A Conversation Soon To Take Place At Medco Headquarters In New Jersey.

"Mr. Snow, there's a Thomas Ryan on line one. I told him you had a full schedule, but he insists on talking to you. He's been calling all morning and sounds rather.....unstable"

"What does that CVS Nimrod what now? Fine, Ms. Mugrass, I'll take the call."

"Snow here"

There is silence on the line, except for the sound of faint laughter.

"Ryan, you there? C'mon, I don't have time for bullshit."

More seconds of silence, followed with a soft, "Oh you have time Medco. You have time for all the bullshit I can wing your way. And you also have the money for some new contract terms."

"What are you talking about?"

"You know the standard Average Wholesale Price minus 15% reimbursement you pay drugstores?" Well starting now, for CVS stores it's AWP PLUS 15%. "

There is 30 seconds of mad cackling on the line.

"Ryan, you're on crack. We didn't get into the pharmacy management business to get screwed. Medco has stood for giving the shaft to retail drugstores from the day it was founded. Now...."

"I don't think you've heard the news Medco boy. I own everything now...... Everything. How would you like to tell your clients the only drugstore that accepts your card is Rite Aid?"

"Rite Aid's still in business?"

"What are you gonna say to your clients when they ask why Caremark can give them a better deal on pharmacy management services than you can all the sudden? You missed the memo bitch-boy. You lost. I own everything. Whatever you have from now on is what I decide to give you."

"Alright. AWP minus 5%"

"Fuck you. AWP + 20%. And you'll cluck like a chicken."

"What?"

"I SAID CLUCK LIKE A CHICKEN!!!!!!!!!"

Silence again engulfs the line. Then David B. Snow Jr., Chairman of the Board of Medco Health Solutions, starts to cluck softly.

"That's a good little clucker. We still on for golf on Saturday?"

"Yeah, we're still on."

Snow will lose by 5 strokes, deliberately blowing a sizable lead over the last 4 holes. Immediately after this call is over, Thomas Ryan, Chairman and CEO of CVS/Caremark, has his secretary call the Texas board of pharmacy to present a list of demands.

Disclaimer- You know, or should know, that while the names are of real people, the account is fictional.

6 comments:

Unknown said...

Okay... This Texan wants to know why evil CVS/Caremark is contacting the TX Board. What are they up to? Are they going to make our Executive Director bark like a dog?

DrugMonkey, Master of Pharmacy said...

Jason, maybe I'll write that in part 2 of the story. Although not another person on the planet seems to have noticed part 1. Oh well.....

Unknown said...

Please do.. I'm very interested. PBMs have been the latest hot topic, especially the fiasco of Part-D reimbursement and AMP. I've not heard much about CVS except their settlement on the "improper switching of customers to a more expensive form of a drug paid for by Medicaid."

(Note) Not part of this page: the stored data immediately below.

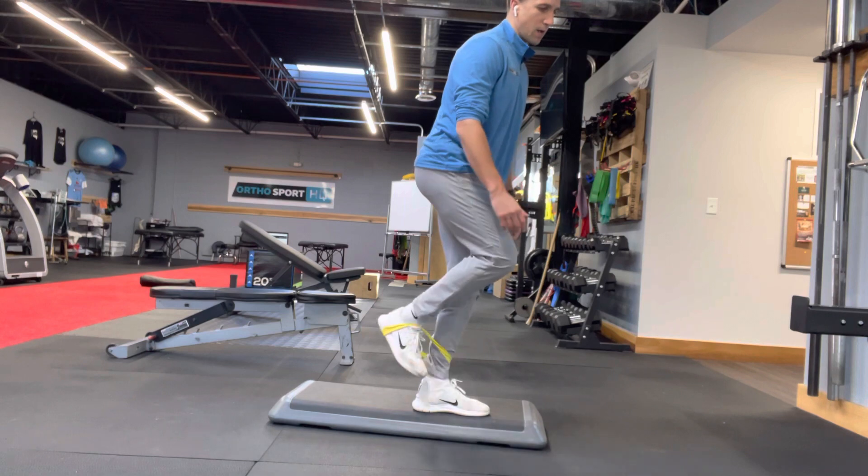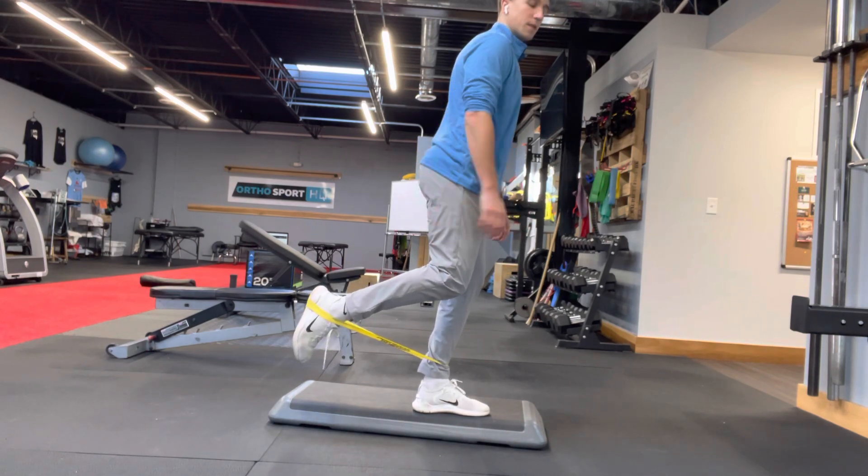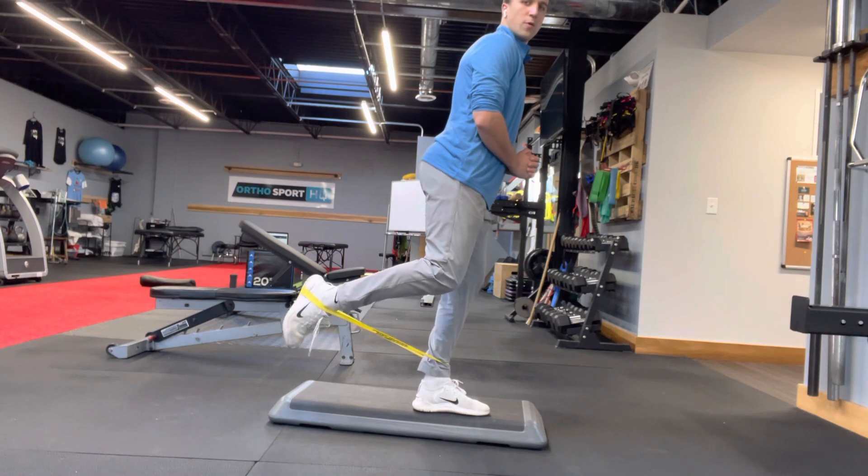Some people like to put the band around the foot — that's another option. It's gonna load things slightly differently. You could play with both of those.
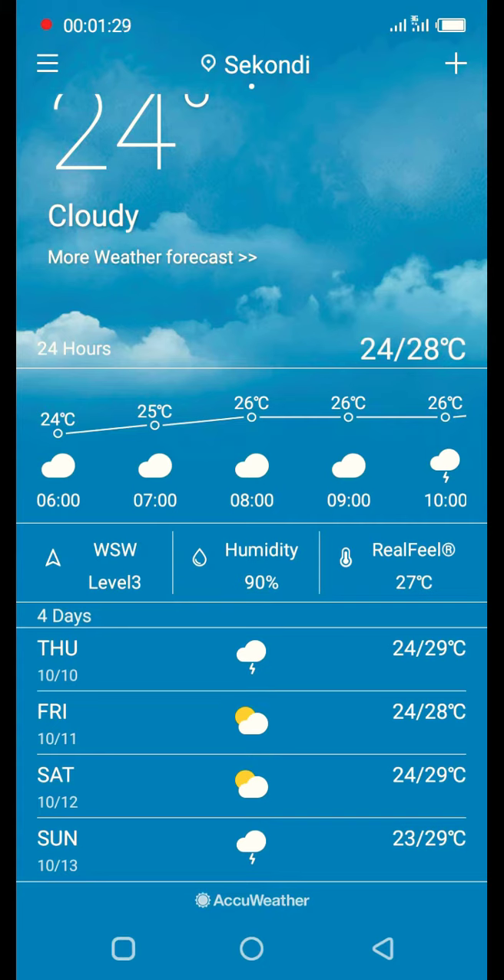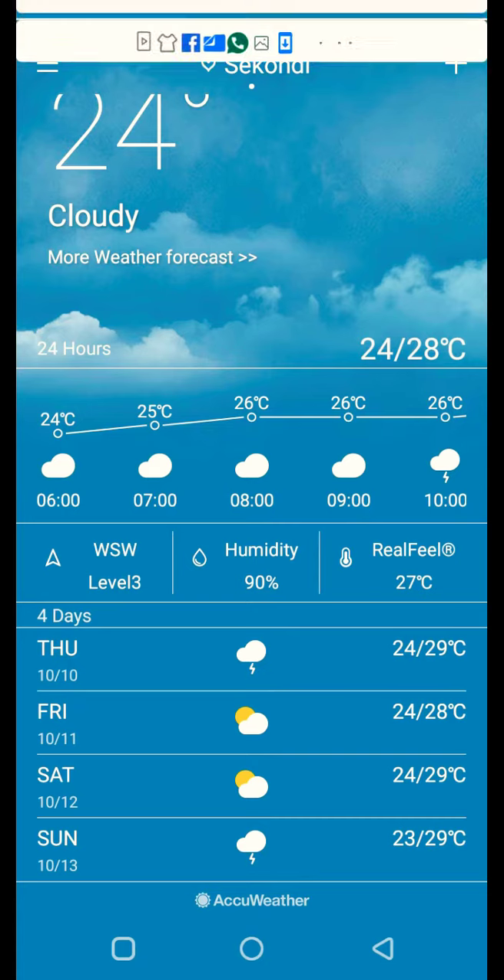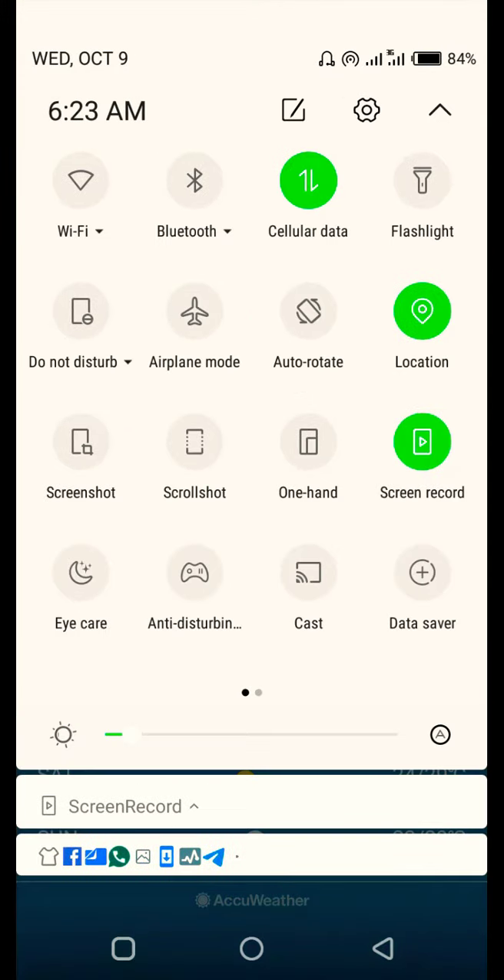To end it, it's just simple — press either the power button once, or drop down your screen and press the screen recording button. You can see it's green now, so when you press it again it will end it automatically.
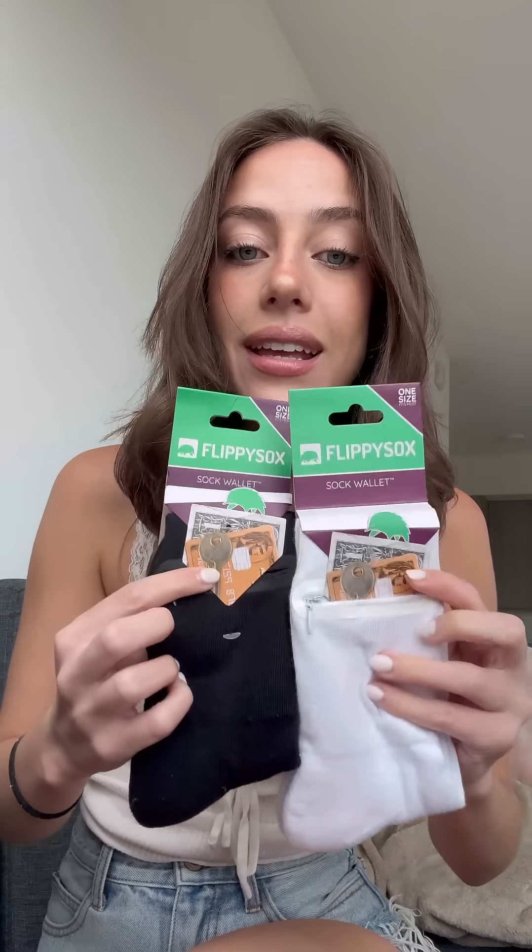These socks have wallets in them — little pockets! The pocket is really deep, it goes all the way down. We're gonna try them out and see how to style them. This is perfect for hikes when you're wearing workout shorts that don't have pockets. Only one sock out of the pair has the little wallet, and you can wear it on the outside or inside. I got white and black so they match any outfit.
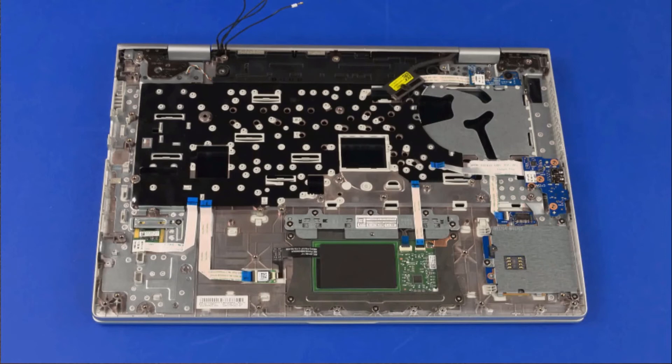After system board replacement, be sure to complete post-installation tasks as required, which may include verifying functionality of the notebook, updating the BIOS, and updating DMI and other settings.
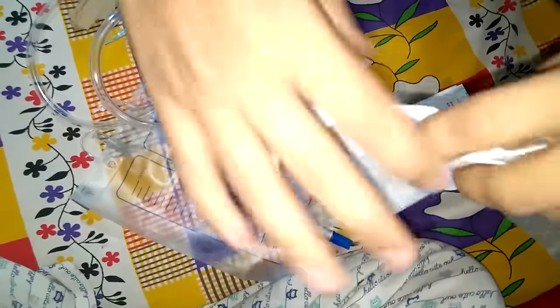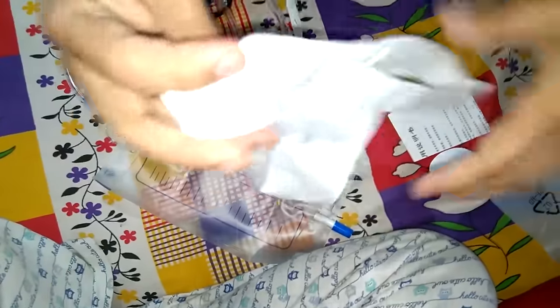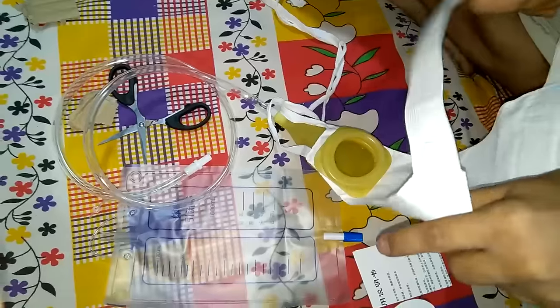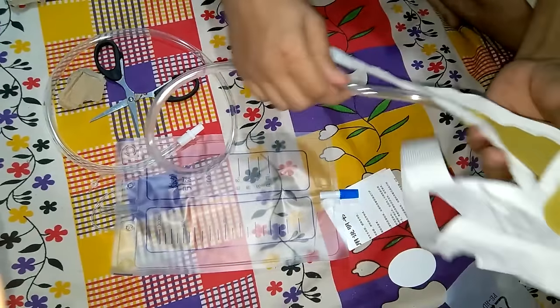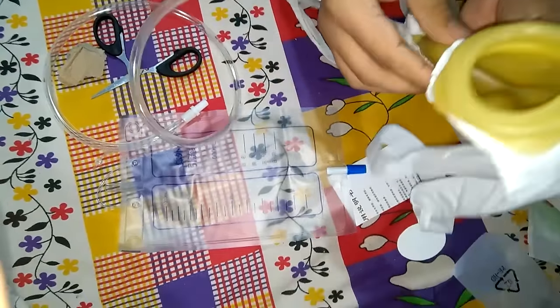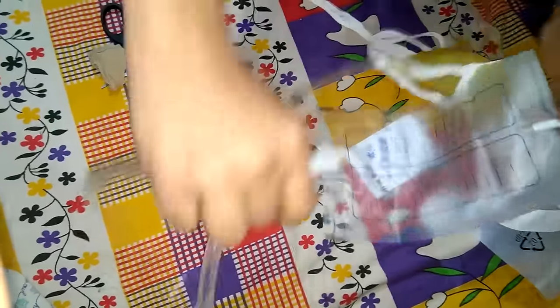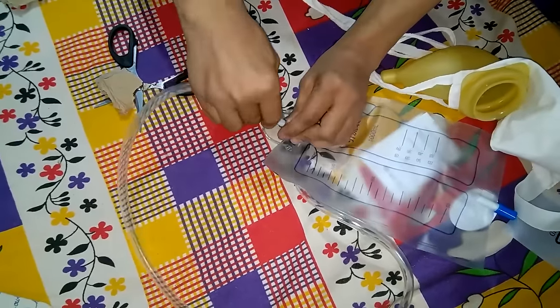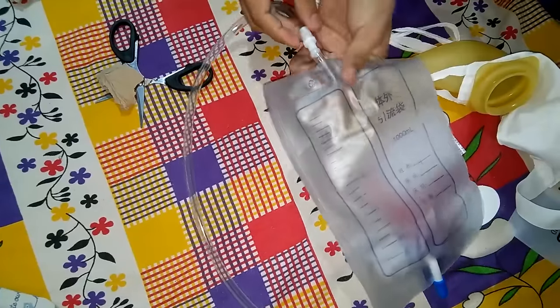This is a male one, where you can very easily get this around the male person and that person will urinate into this silicon-type rubber tube, and it will be transported back through this pipe to this polythene bag.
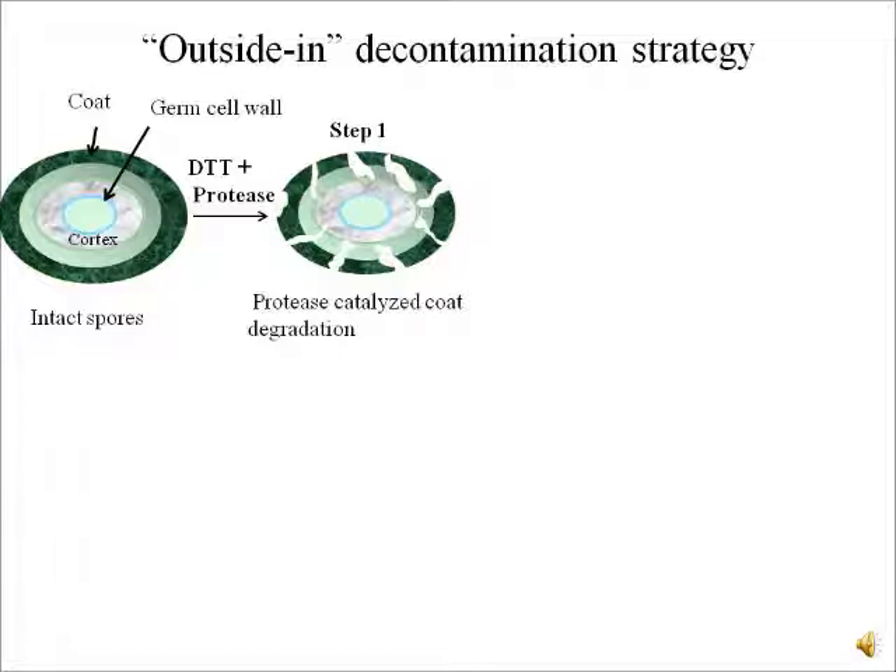What we use is essentially just a protease and DTT. We have identified unique proteases which are capable of selectively degrading the spore coats of Bacillus cereus as well as Bacillus anthracis. We invite you to read our paper in much more detail in order to understand how we identified these proteases and how we analyze this coat breakdown.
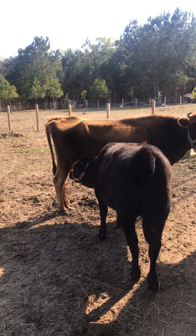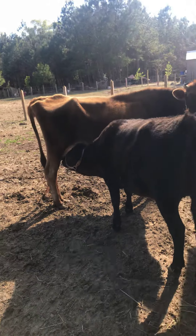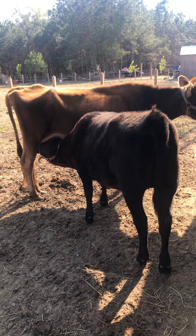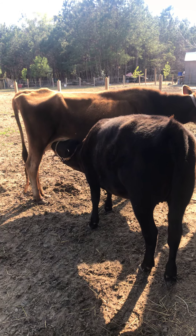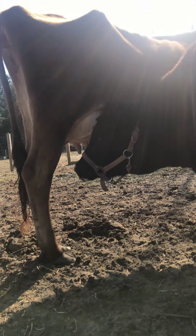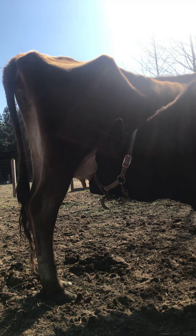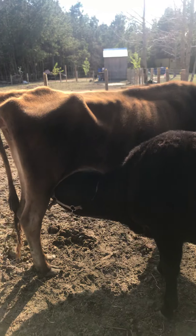Look at Sarah — she's drinking her milk. After we wean Sarah off Gracie, probably around August, I'll be back to milking Gracie every day because I won't have Sarah's help. Then I can finally get some of that cream she's been holding back for the calf. Look at her — milk bubbles! She's so big, she's half the size of Gracie now.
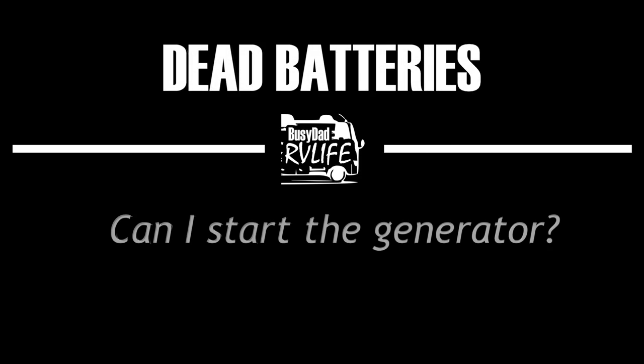Have you been running down the batteries in your RV thinking you can just start your generator to recharge them? Don't make my mistake. Hey kids, this is Mark with BusyDadRVLife.com where we encourage you to get out there and make your memories today with your family.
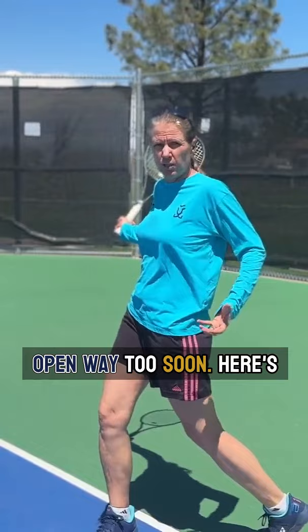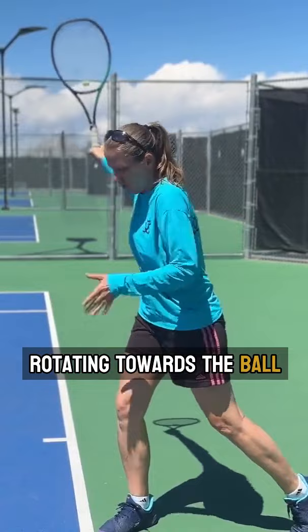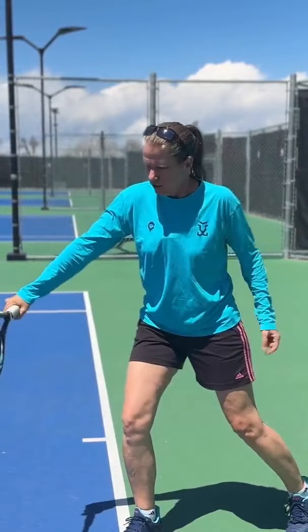Here's one key thing for your one-handed backhand: yes, hip and shoulder are absolutely rotating towards the ball in a rounder fashion. But at point of contact, your upper body — your chest — is actually still facing pretty much side-on, kind of pointing a little bit to your left.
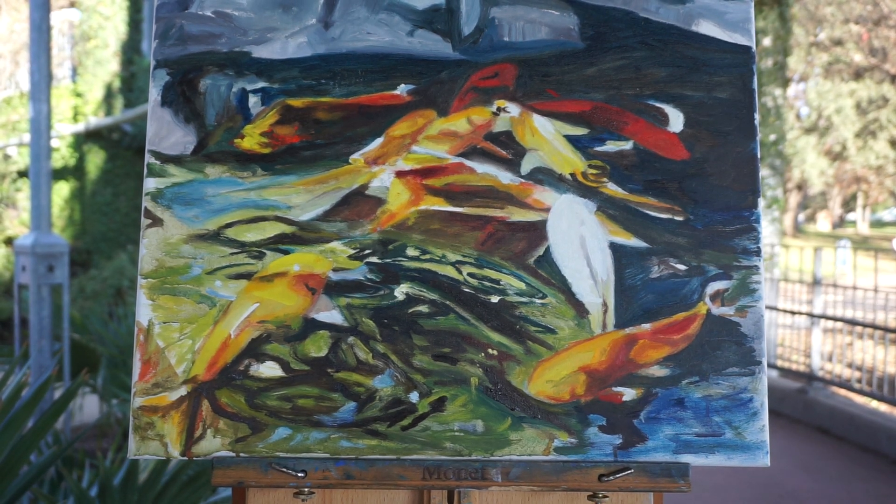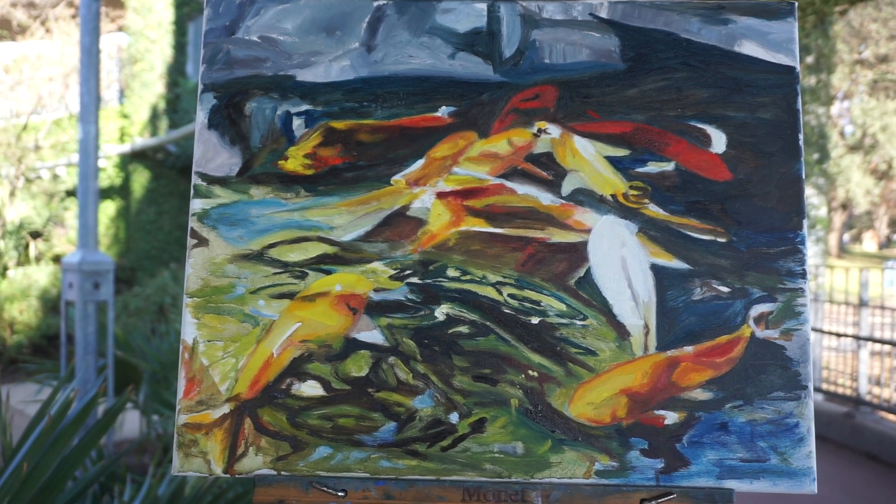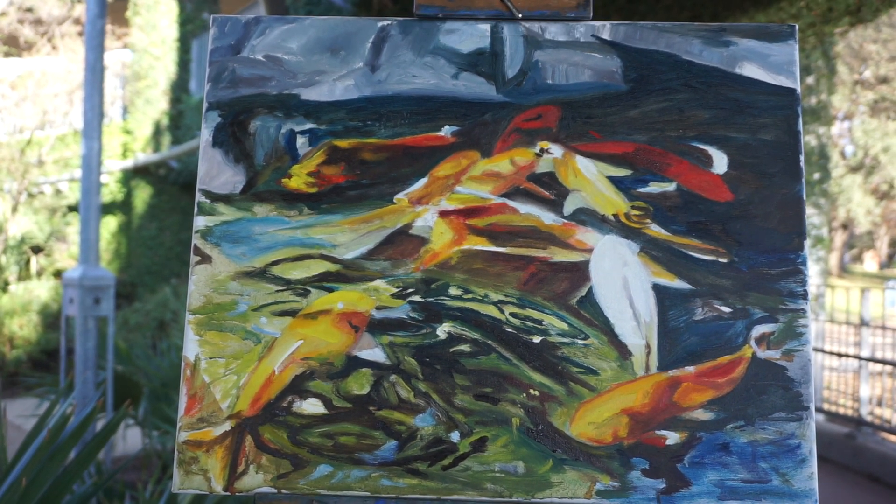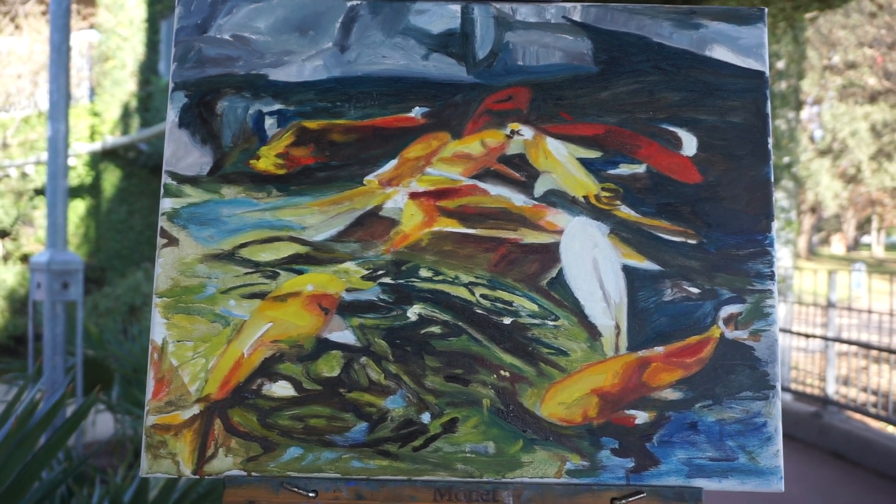Okay, painting the koi — let's continue. I've been playing a little bit with this water. Getting a lot of big city noise, a lot of traffic noise out here.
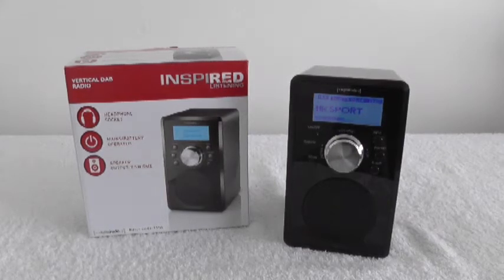This is the Inspired Listening Vertical DAB Radio which I got out of Sainsbury's for £20, and I must say it's an excellent radio. It seems to be really good quality and I'm very impressed. It seems to be exclusive to Sainsbury's — I've not seen it available anywhere else.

Give us all the dirty details. I could use a good laugh about my friends on the Texas Board.

Charlie said...

I would love to see this play out. Please continue the story Drugmonkey!

Anonymous said...

HEY. I noticed part 1 and you know it. I'm just not allowed to comment on this post or the next 4 posts..

Look what you made me do.

Actually, I realized that I'm not always first to comment. I usually see the updates the second you put them up, then wait a few hours to comment so I don't look too obsessed. Looks like I just outed myself though.

Anonymous said...

Oh yes, Rite-Aid home of the $35 gift card if you transfer a script to them.